The coding region of OvoA was split among a variable number of exons depending on the phylum, ranging from 10 (in monogonont rotifers, which have extremely compacted genomes [46]) to 21 (in Placozoa) (figure 3). Overall, in spite of several lineage-specific intron loss and intron gain events, common splicing sites were often conserved among largely divergent phyla (e.g. from Porifera to Chordata), consistently with the monophyletic origin of metazoan OvoA genes evidenced by the phylogenetic analysis (figure 1).
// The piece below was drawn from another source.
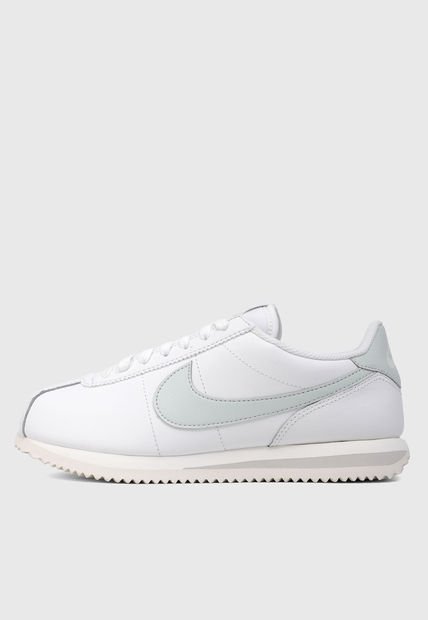 Tenis Lifestyle Blanco-Verde Claro-Marfil NIKE Cortez Leather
The only two exceptions to this general architecture were the genes of bdelloid rotifers and hydrozoans, previously identified as the likely product of HGT (see figures 1b,c and 2). Bdelloid rotifers (i.e. Adineta ssp. and Rotaria spp.) display intron-less genes (figure 3), encoding for OvoA proteins with a canonical size and domain organization. The observed lack of introns, a typical feature of prokaryotic genes, is consistent with the acquisition of nearly 8% of the bdelloid genes by HGT from bacteria in relatively recent times [47]. Hydrozoans, on the other hand, possess highly modified genes, with just five introns, placed in different locations compared to other animals (electronic supplementary material, figure S4). Moreover, the encoded protein contains a large additional N-terminal lyase domain, which is entirely encoded within the first large exon, which may have been recruited through the fusion with another pre-existing gene (see the following section).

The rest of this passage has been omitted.